Joker wearing his haypants

Joker wearing his haypants

I trudged into the corral. My boots and stomach were heavy. The morning light was violet against the dirty snow; making me feel the kind of sadness that comes when winter is too long. Last night’s hay lay on the ground, an undisturbed grassy island surrounded by untracked snow.

It had been almost a year since we said goodbye to my old mare, Baby Horse. Since then, Joker stood alone on the property for the first time since he came to live with us. Horses don’t like to be alone, and neither do half-horses. Joker was a hinny—the equine hybrid that is the result of crossing a stallion horse and a jenny donkey. I’ve heard hinnys sometimes called “backward mules,” but you can be sure there was nothing backward about Joker.

Joker was a small and solid character—four times half the horse (you do the math) as any other I have had known. Smart and sure-footed, he inherently knew the safest routes through timber, and was always my first pick to ride in the backcountry. He faithfully served as watch for the property, blowing loudly to signal potential danger from nearby bear or moose.

The other animals knew he was different, and sometimes treated him as such. He never quite fit into larger groups, and was often picked on or chased off feed by other horses. The relational dynamic improved when he had just one pasture companion. In this way, Joker and I were much the same.
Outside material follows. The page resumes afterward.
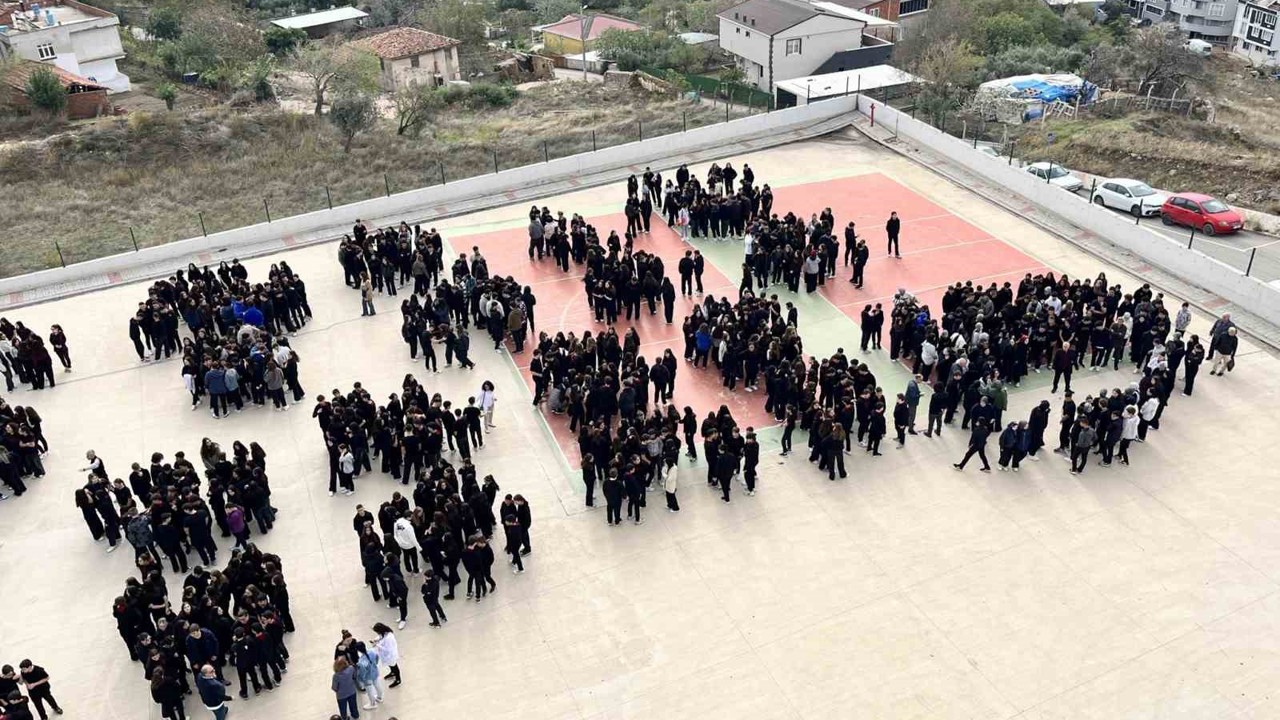 Bandırma’da öğrenciler afet tatbikatında buluştu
Joker was always first line for love, and could stand hours for a good brushing. He had a mighty spirit, and an energy that radiated from the center of his sturdy, white body. I don’t pretend to know the capacity of animals to feel human emotion, but Joker sure seemed to feel true joy each spring, as he would race around the pasture in the sunshine kicking his short, compact kicks.

This morning, however, was not met with joy. He stood motionless and alone, a desperate mess of dirt dug up through the snow at this feet. I saw where he rolled on the ground and paced throughout the night. I called to him and he came, circled around me several times and pushed his forehead into my side, as if asking for help.

His eyes were asking for help. Asking for comfort.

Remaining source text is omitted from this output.